Já a seção sobre a condução da política monetária foi muito mais enxuta ontem. O colegiado reforçou que optou “por sinalizar, como provável, uma extensão do ciclo, com um ajuste de menor magnitude [do que 1 ponto percentual] na próxima reunião”. Mas escolheu tal sinalização, entre outros fatores, já que ela “reforça a postura de cautela da política monetária e ressalta a incerteza do cenário”.

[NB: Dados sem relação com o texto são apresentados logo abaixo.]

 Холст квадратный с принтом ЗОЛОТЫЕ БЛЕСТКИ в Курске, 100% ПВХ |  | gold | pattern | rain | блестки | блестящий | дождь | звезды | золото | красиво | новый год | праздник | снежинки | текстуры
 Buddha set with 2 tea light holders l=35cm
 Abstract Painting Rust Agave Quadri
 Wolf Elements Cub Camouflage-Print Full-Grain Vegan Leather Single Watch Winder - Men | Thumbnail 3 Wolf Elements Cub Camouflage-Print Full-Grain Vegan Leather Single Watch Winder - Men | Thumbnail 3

Isso não significa que o quadro inflacionário não deva piorar no curto prazo. No Relatório Trimestral de inflação (RTI), o BC projetava que o IPCA seria 1,02% em março – que acabou ficando em 1,62%. Por sua vez, o IPCA-15 de abril, prévia da inflação oficial, continuou mostrando deterioração, com alta de 1,73%. Foi a maior variação para abril desde 1995 e a maior alta mensal desde fevereiro de 2003. Com isso, o indicador acumulado em 12 meses subiu de 10,79% em março para 12,03%. Além dos números elevados, analistas destacam aspectos qualitativos, como o índice de difusão, que mede a quantidade de itens cujos preços tiveram alta no mês. Nos cálculos da Apex Capital, o indicador atingiu 76% em abril, o maior em quase 20 anos.

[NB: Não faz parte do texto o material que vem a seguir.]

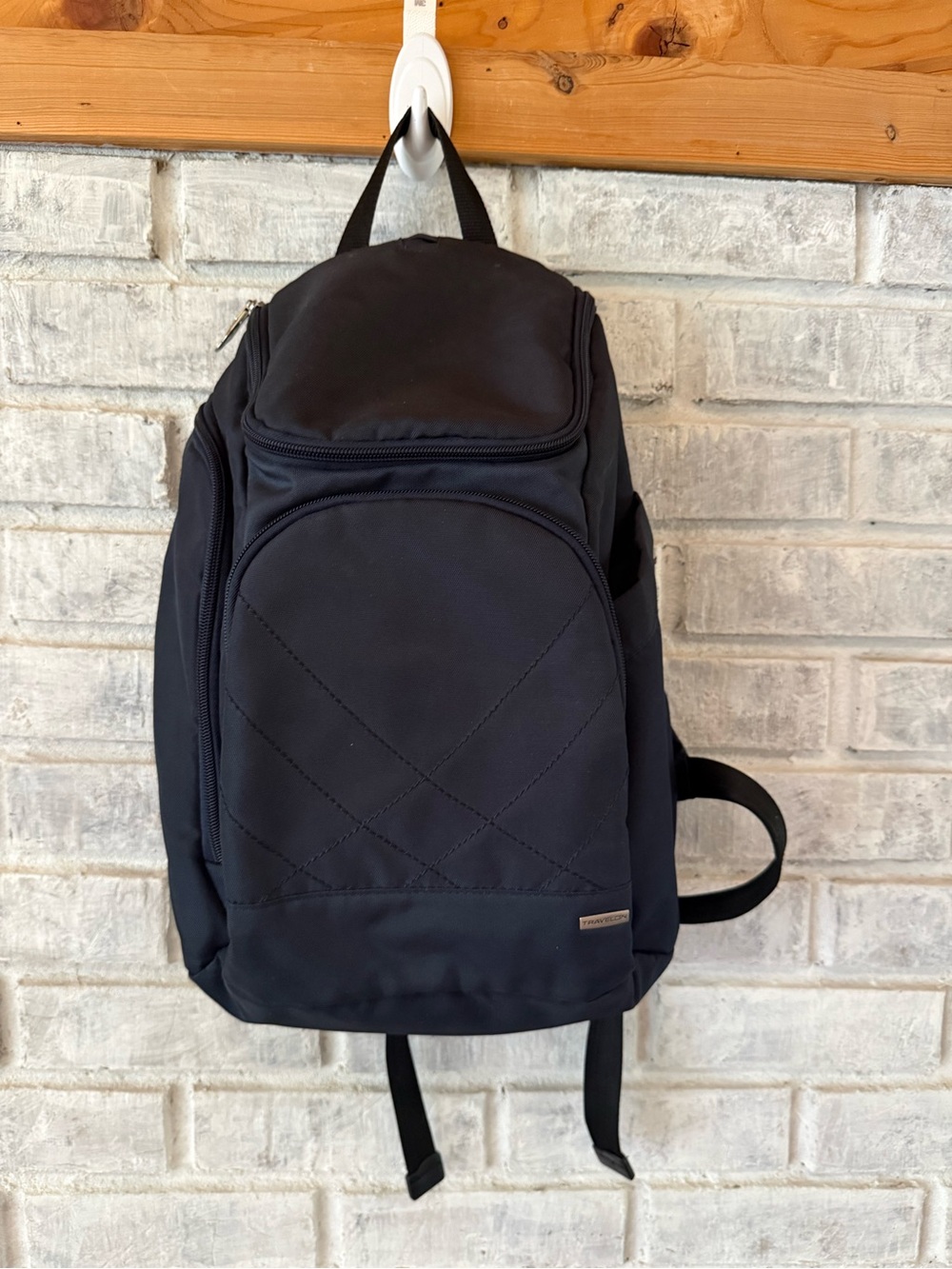 Travelon Quilted Backpack with Front Zip Pocket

Na condução da Selic, o BC mira 2023, para o qual a meta de inflação é 3,25%, com intervalo de 1,5 ponto percentual para mais ou para menos. Mas uma inflação tão alta e disseminada dificulta o cumprimento desse objetivo. Como mostrou o Valor ontem, as expectativas de inflação vêm se deteriorando, tanto nos títulos públicos quanto nas estimativas de instituições financeiras, consultorias e gestoras. Há casas que projetam inflação em torno de 10% para este ano. As projeções do cenário básico do BC são 7,3% e 3,4% para 2022 e 2023, respectivamente. Vale destacar o reajuste de 8,87% no preço do diesel realizado na segunda-feira pela Petrobras, com amplo impacto na cadeira produtiva.
Na ata, o Copom reconhece a gravidade da situação, afirmando que “a inflação ao consumidor segue elevada, com alta disseminada entre vários componentes, se mostrando mais persistente que o antecipado”.

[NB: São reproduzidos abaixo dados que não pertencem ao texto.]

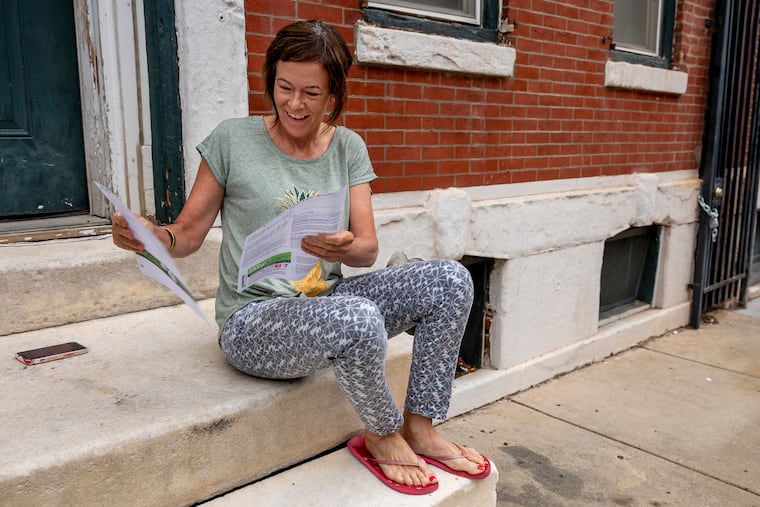 Jeannine Baldomero, like a lot of PGW customers, was hit recently with a huge bill this month. 72% of her May bill for her 1,000 square foot apartment was the weather normalization charge. She was photographed in her Spring Garden neighborhood June 22, 2022.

“A inflação de serviços e de bens industriais se mantém alta, e os recentes choques levaram a um forte aumento nos componentes ligados a alimentos e combustíveis. As leituras recentes vieram acima do esperado e a surpresa ocorreu tanto nos componentes mais voláteis como nos mais associados à inflação subjacente [ligada a taxa de juros e atividade]”, diz. “Nos itens mais voláteis, continua se destacando o aumento do preço da gasolina, com impacto maior e mais rápido do que era previsto. Os componentes mais sensíveis ao ciclo econômico e à política monetária seguem com inflação elevada e as diversas medidas de inflação subjacente apresentam-se acima do intervalo compatível com o cumprimento da meta.”
O formato da ata pode ter mudado, em parte, por causa da presença do novo diretor de política econômica do BC, Diogo Guillen, nomeado em abril. Mas é difícil negar que, diante de tamanhas incertezas, o Copom vem optando por uma postura mais cautelosa. Também fica claro que a conjuntura inflacionária continua piorando no curto prazo.